「一族を混乱に陥れる」と
長女が非難した理由

 訴訟で長女と長男がいぶかしんだのが、子どもが提訴した動機だった。死後認知は一般的に非嫡出子が相続権の確保を求めて争うケースが多い。

 理事長は莫大な遺産を残した。長女らは女性が誓約書と引き換えの7000万円に加えて、子どもの学費やマンション賃料などで総額2億円超を理事長から得ていたと強調。「それにもかかわらず(一族を)混乱に陥れることを認識しつつ請求している」と非難した。

 2023年2月の家裁判決は、子どもが血縁上の父である理事長に認知を求めることは誓約書によって制限されないと判断した。

 同9月の高裁判決は誓約書の文言を細かく精査。
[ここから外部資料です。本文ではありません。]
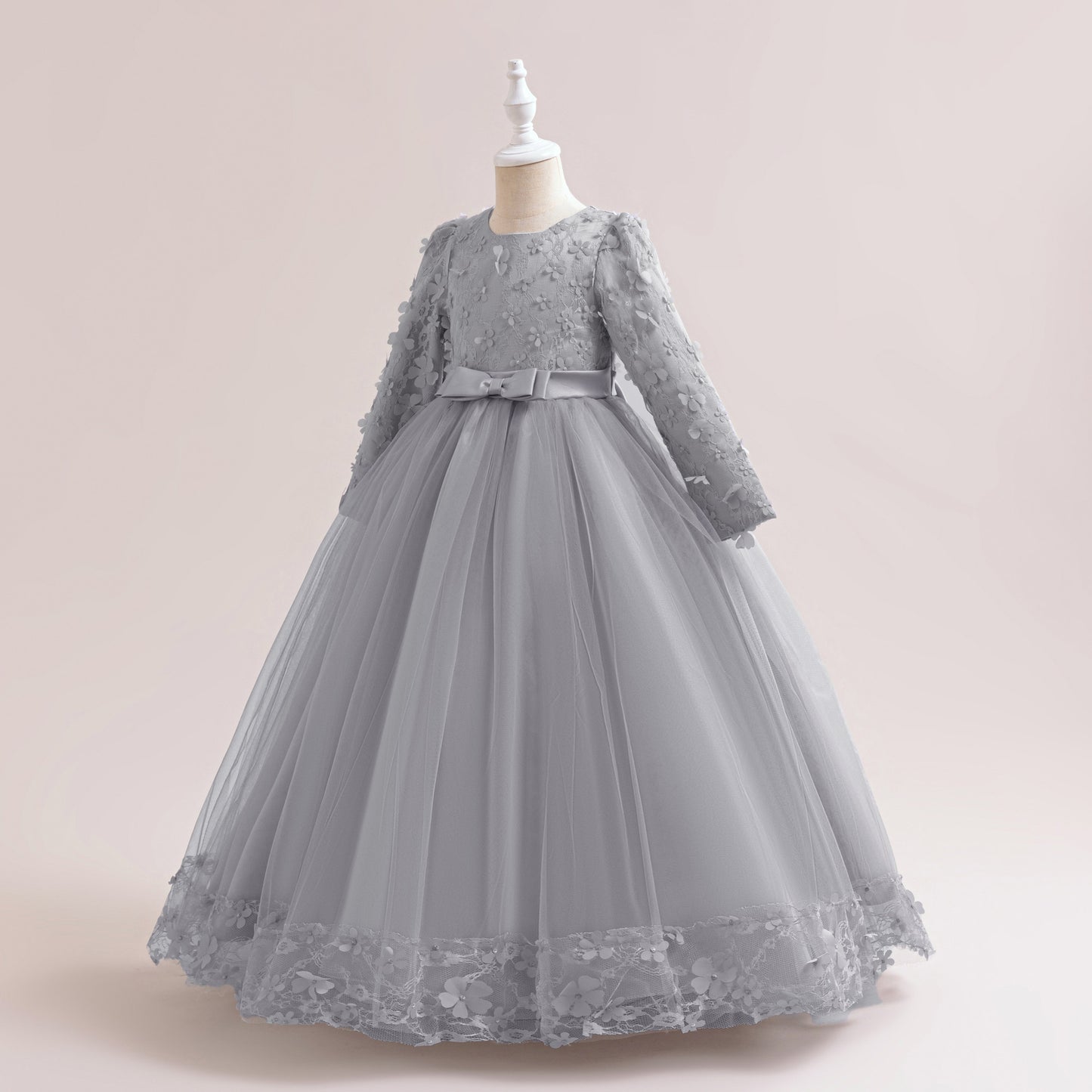 Cute Girls' Maxi A-line Lace Flower Party Dress – Princess Long Sleeve Gown for Special Occasions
どの項目をみても主体は女性個人で「子どもが認知請求権を放棄する趣旨とは解せない」と結論付けた。最高裁が上告を退け、認知を認める司法判断が確定した。

 死後認知が認められ、子どもは理事長が残した遺産の相続権を得た。何の罪もないのに「隠し子」という不安定な立場を強いられた子どもに非がないのは当然だ。

 ただ、知らない間に混乱の渦中に巻き込まれた長女と長男にも同様に非はない。

 長女は女性を相手取って不貞行為に対する慰謝料など1650万円を求める訴訟も起こした。地裁が認めた賠償額は27万円あまり。控訴せず矛を収めた長女は法廷で述べている。

「認知請求や遺留分が法として存在するのは重々承知している。けれど、本当に守られるべきなのはどちらなんだろう」

遺族年金を争う
戸籍上の妻と内縁の妻

 横浜市に住む女性(75)が妻子のいる会社員の男性と一緒に暮らし始めたのは1977年。結婚生活は破綻しているが妻が離婚に応じないと聞かされ、やむなく男性との内縁関係を受け入れた。

 ふたりの間には後に子どもが生まれ、男性が認知。共同名義で購入したマンションで仲むつまじく暮らしてきた。

 男性の親族や、会社の同僚とも「家族ぐるみ」で交流があった。誰もが女性を男性の「妻」としてみていた。

 男性は2021年1月、外出中に倒れ、そのまま亡くなる。女性は葬儀で喪主を務めた後、「配偶者」として国に遺族年金を求める手続きを取った。